My mother-in-law lived for strawberry season, punctuating every evening meal during those too-few June days with homemade strawberry shortcake. Over the years, the dinners shrank in size until one year meat and vegetables vanished completely and strawberry shortcake was the only item on the menu.

From what I’m told, no one objected — ever.

But nobody makes a bigger deal about strawberries than the Mattituck Lions Club, which this weekend will put on the 59th annual Strawberry Festival at the aptly named Strawberry Fields, um, field on the North Road. One of the highlights is the naming of a new strawberry queen.

I’m not a Lion, I don’t grow strawberries and I don’t reside in Mattituck, but my family is forever linked with that event.

Ten years ago, daughter Caitlin, then a very serious and studious high school junior, surprised me and the Mrs. by putting her name in contention for strawberry queen. Hey, why not? It’s not like the national beauty pageants that critics love to hate on as sexist, exploitive and demeaning to women. There’s no swimsuit competition and no one expects the contestants to pledge their lives with dubious sincerity to securing world peace. It’s just a fun, little retro North Fork event, a cousin to Riverhead’s equally popular Polish Town queen contest, a key component of the Polish Town Street Fair each August.
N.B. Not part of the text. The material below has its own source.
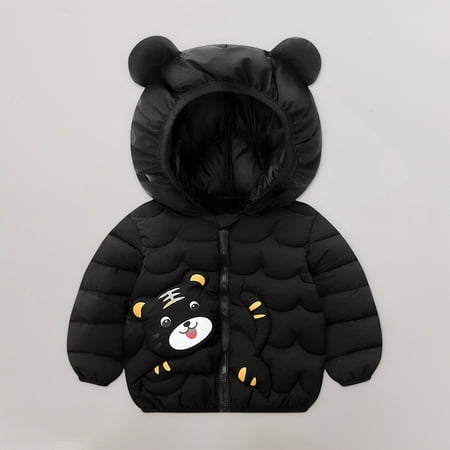 

TUOBARR Cute Baby Girls Jacket Kids Boys Light Down Coats With Ear Hoodie Spring Girl Clothes Infant Children s Clothing For Boys Coat Black (1-5Years)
And wouldn’t you know it, Cait became a finalist! No, no, I don’t mean to sound surprised. It’s just that it was so out of character for a girl who, at age 9 or so, requested a Tarot card reading at a Renaissance Fair in Maryland and, when asked if she was interested in boys and clothes, deadpanned, “No, money and careers.” The card reader damn near keeled over.

But she donned a long white dress and attended the Lions Club dinner with the other finalists. The young ladies went from table to table introducing themselves to the people whose votes would determine the next queen. Later, each reached into a goldfish bowl and pulled out a question to be answered off the cuff.

When one young lady got “What’s your favorite cartoon character?” I thought this a cakewalk. Then Cait drew her question: “How would you describe a rainbow to a blind person?”

Hoo-boy. Yes, I’m biased (a newspaper editor?) but I think she acquitted herself well. Can’t say I actually heard her response over the sound of me nervously tapping my teaspoon against my front teeth.

Alas, she was not destined for strawberry royalty. Instead, the tiara went to some girl from Laurel. Oh well, she had fun and an interesting experience.

But wouldn’t you know it? Years later that girl from Laurel, Lindsay Lessard — whose mom, Diane, had been queen in 1978 — became family upon marrying our firstborn, Ryan Patrick Kelly.

Since both my kids are redheads and there are strawberry queen finalists and winners on both sides, it’s possible, if not probable, that any grandkids could be “gingers” and perhaps include a queen candidate.

We never did have a priest in the family, or a doctor, but I think Ma’s happy we’ve got at least one queen, and maybe more.